Living Streets' Chief Executive, Joe Irvin, sets out the charity's rationale:

Our streets deserve to be so much more than corridors for traffic. They are the public spaces in which we play out our everyday lives. How we experience them has an impact on each of us as soon as we step out of our front door.

The negative impact of car-centric lifestyles creates a social burden. The reduction in physical activity and the rise of obesity are two reasons why today’s children are the first generation not expected to live as long as their parents.

We are also increasingly aware of the devastating cost of air pollution, caused by motor vehicles, to our health and over five thousand pedestrians are killed or seriously injured on Britain’s roads each year.

Our cities suffer economic consequences too. Growing traffic congestion is a huge cost to our cities. Modern cities need to remain competitive in a global marketplace where employers increasingly demand to locate in healthier, less polluted cities offering worldclass public transport and public spaces.

The time has come for a more effective approach. Cities around the world are beginning to realise that by encouraging more people to walk, and reducing the number of car journeys, they can create a healthier, more equal society and attract business and investment. The tide seems to be turning in favour of Walking Cities.

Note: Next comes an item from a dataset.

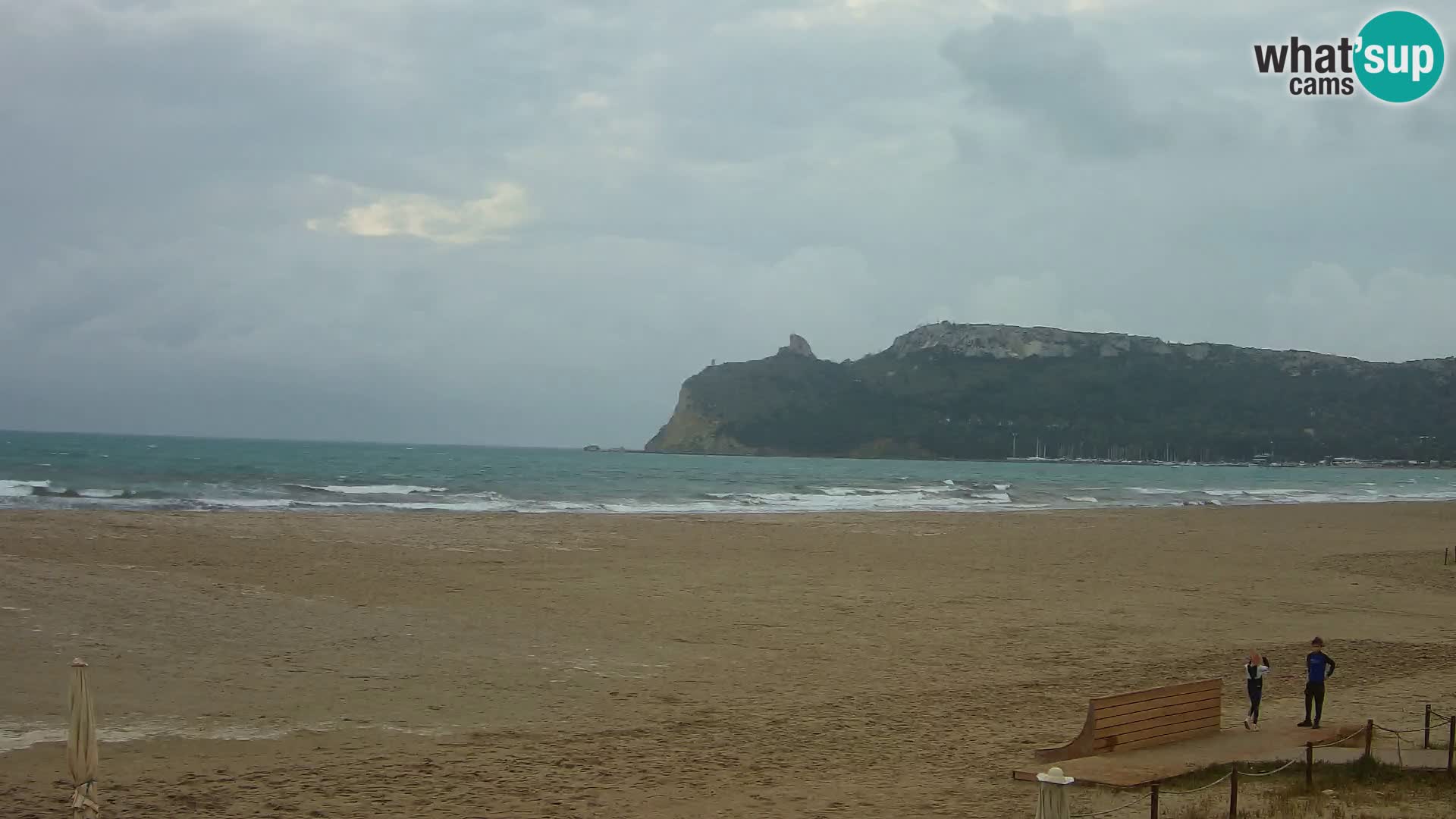 Poetto beach webcam | Cagliari | Sardinia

The increasing desire to create more liveable, healthier streets across the UK has led to a demand for practical and effective actions to make that happen. Government has taken initiatives. The Cycling and Walking Investment Strategy for England, the National Walking Strategy in Scotland, and the Active Travel Act in Wales. Our Blueprint for Change is our contribution to the debate. We are determined to work with city leaders, businesses and communities to improve our streets and cities for everyone.

Living Streets argue that Walking Cities are not just healthier, greener and create stronger communities, but they are also more economically successful:

Enabling more people to walk, cycle or use public transport can help ease costly traffic congestion whilst creating attractive places to invest, shop and do business. Improving public spaces has also been shown to be a strong catalyst for local economic vitality, regeneration and tourism.

The booklet sets out a 7-step plan based on best practice from around the world.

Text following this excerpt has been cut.